“I’ll give you GhC500 for it!” Egbert said, as he gazed at his Rolex to check the time. He had to take a rain check on his dinner plans with his secretary to attend to this, but was now considering the probability of making it back in time for the date.
“What? That can’t even buy a Tico these days!” Kwame retorted in a somewhat surprised tone.
“Well that’s what you get for trying to broker a deal with such short notice, and frankly, that’s all my pockets can offer for now.”
“No… please, I do understand that the timing is bad, but in any case please look at the family and improve upon your bid” Kwame said as he pointed towards the living room where Serwa and the kids were playing.

“I don’t know why I married this fool! I was warned, but I did not listen. I blame it on love! If only it had not laid its lavendous fold upon my eyes, then perhaps I might not be on the verge of trading all I have worked for, for…for…for pesewas!” Serwa said to herself in a thwarted tone.
It was a Sunday, and typical of an Ashanti family, they had had ‘omotuo’ for lunch. “The soup must have ascended into his brain to cloud his sense of reasoning, or much worse, my husband has been indoctrinated into being a slave of soothsaying nonsense!” Serwa thought to herself.
Earlier in the day, when they were returning from church, Kwame had gone on and on in the car about the severity of what the prophet declared as “the last call” before his prophesy would come to pass. That the world really was coming to an end that night and so they had just a few hours to prepare.
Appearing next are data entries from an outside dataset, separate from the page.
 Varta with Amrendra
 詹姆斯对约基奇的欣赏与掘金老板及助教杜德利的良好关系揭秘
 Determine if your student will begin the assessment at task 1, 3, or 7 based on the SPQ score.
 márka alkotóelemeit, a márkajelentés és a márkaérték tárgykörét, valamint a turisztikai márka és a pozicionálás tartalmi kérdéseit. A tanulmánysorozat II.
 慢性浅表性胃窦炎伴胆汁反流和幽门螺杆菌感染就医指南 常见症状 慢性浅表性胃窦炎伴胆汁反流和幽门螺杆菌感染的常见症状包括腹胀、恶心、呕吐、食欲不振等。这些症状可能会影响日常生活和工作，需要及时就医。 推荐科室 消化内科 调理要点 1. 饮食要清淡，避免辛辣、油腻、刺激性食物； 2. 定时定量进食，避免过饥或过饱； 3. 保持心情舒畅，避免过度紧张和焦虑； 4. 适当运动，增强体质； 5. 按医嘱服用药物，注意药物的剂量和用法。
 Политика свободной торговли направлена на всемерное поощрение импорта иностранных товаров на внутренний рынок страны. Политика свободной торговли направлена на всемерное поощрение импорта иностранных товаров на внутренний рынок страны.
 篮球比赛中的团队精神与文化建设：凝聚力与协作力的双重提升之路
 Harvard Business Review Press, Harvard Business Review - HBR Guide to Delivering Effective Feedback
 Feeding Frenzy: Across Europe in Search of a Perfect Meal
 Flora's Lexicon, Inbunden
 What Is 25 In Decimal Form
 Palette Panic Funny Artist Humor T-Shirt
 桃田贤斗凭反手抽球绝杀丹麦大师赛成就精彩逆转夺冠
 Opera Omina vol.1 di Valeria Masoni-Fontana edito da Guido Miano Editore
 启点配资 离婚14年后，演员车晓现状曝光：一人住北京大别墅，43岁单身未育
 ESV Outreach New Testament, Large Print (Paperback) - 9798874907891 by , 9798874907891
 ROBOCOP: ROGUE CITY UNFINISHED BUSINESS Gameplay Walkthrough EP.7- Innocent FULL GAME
Just a few hours to bury the hatchet with his enemies, eat his favourite meal, deliver a valediction to his close pals, and most importantly; to liquefy their most valued assets- after all they would have no use of them after midnight when the meteor hit earth.
Serwa stayed mostly silent through all of her husband’s deliberations. Her nonchalance stemmed from the fact that she had exhausted herself for weeks trying to convince him that it was all a hoax. But not today, she would rather hone in on her own spiritual life and also spend some time playing with the kids. Kwame could do anything he wanted; as far as she was concerned he was now beyond convincing boundaries.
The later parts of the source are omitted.